When solving the initial value problem to an ordinary differential equation, such as

\displaystyle  \partial_t u = F(u); \quad u(0) = u_0, \ \ \ \ \ (1)

where {u: {\bf R} \rightarrow V} is the unknown solution (taking values in some finite-dimensional vector space {V}), {u_0 \in V} is the initial datum, and {F: V \rightarrow V} is some nonlinear function (which we will take to be smooth for sake of argument), then one can construct a solution locally in time via the Picard iteration method. There are two basic ideas. The first is to use the fundamental theorem of calculus to rewrite the initial value problem (1) as the problem of solving an integral equation,

\displaystyle  u(t) = u_0 + \int_0^t F(u(s))\ ds. \ \ \ \ \ (2)

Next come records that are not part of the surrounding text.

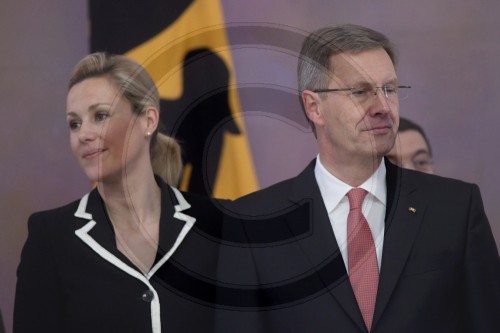 Christian Wullf und Frau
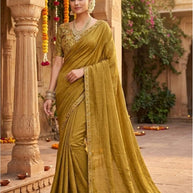Printed Matching Saree with Blouse Piece for Premium Ethnic and Traditional Wear | KPS-FARZANA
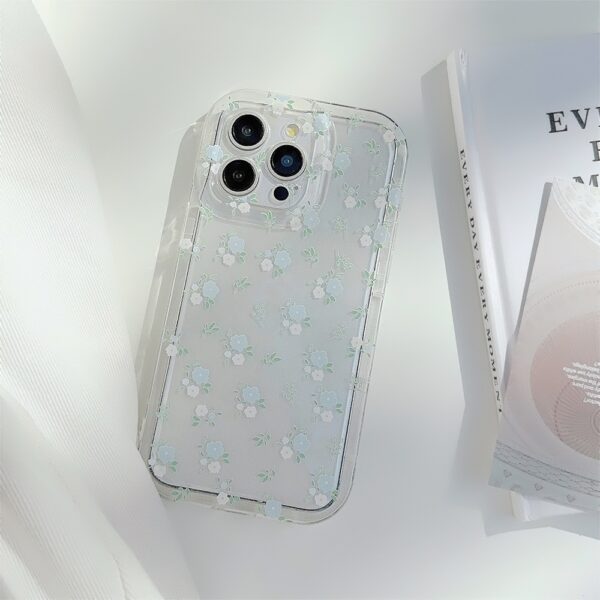Fresh And Summery Blue Floral Phone Case - Image 10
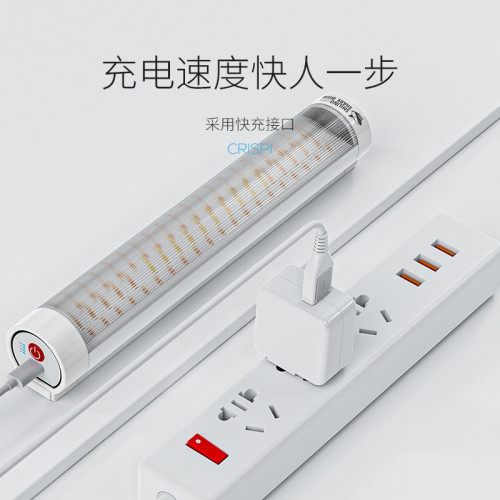 新款戶外露營帳篷燈長款掛式夜市擺攤燈可充電應急照明燈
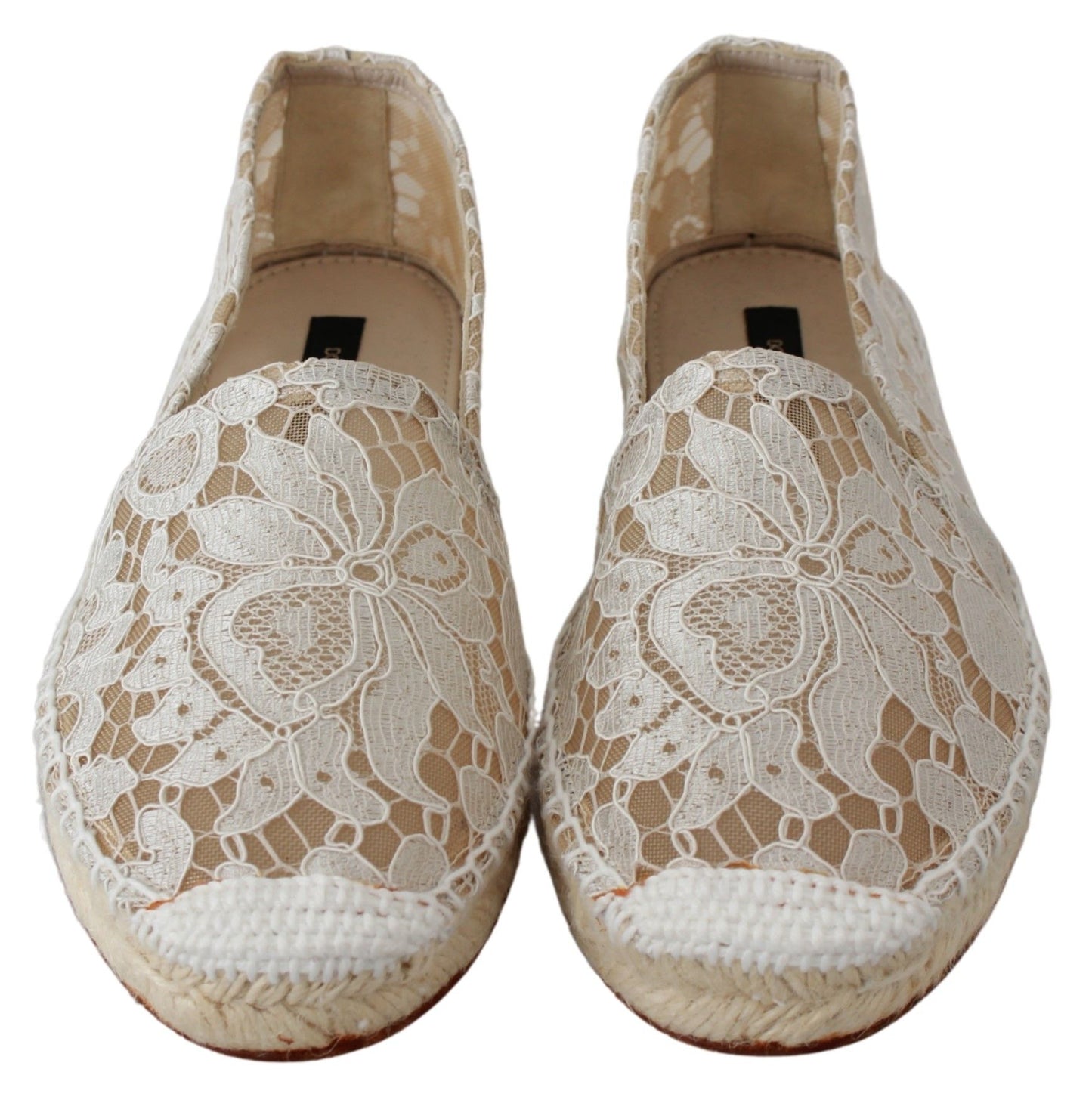 Dolce & Gabbana Elegant Beige Espadrilles Flat Shoes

The second idea is to solve this integral equation by the contraction mapping theorem, showing that the integral operator {{\mathcal N}} defined by

\displaystyle  {\mathcal N}(u) (t) := u_0 + \int_0^t F(u(s))\ ds

is a contraction on a suitable complete metric space (e.g. a closed ball in the function space {C^0([0,T]; V)}), and thus has a unique fixed point in this space. This method works as long as one only seeks to construct local solutions (for time {t} in {[0,T]} for sufficiently small {T>0}), but the solutions constructed have a number of very good properties, including

  • Existence: A solution {u} exists in the space {C^0([0,T];V)} (and even in {C^\infty([0,T];V)}) for {T} sufficiently small.
  • Uniqueness: There is at most one solution {u} to the initial value problem in the space {C^0([0,T];V)} (or in smoother spaces, such as {C^\infty([0,T];V)}). (For solutions in the weaker space {C^0([0,T];V)} we use the integral formulation (2) to define the solution concept.)
  • Lipschitz continuous dependence on the data: If {u_0^{(n)}} is a sequence of initial data converging to {u_0}, then the associated solutions {u^{(n)}} converge uniformly to {u} on {[0,T]} (possibly after shrinking {T} slightly). In fact we have the Lipschitz bound {\| u^{(n)}(t) - u(t) \|_V \leq C \| u^{(n)}_0 - u_0 \|_V} for {n} large enough and {t \in [0,T]}, where {C} is an absolute constant.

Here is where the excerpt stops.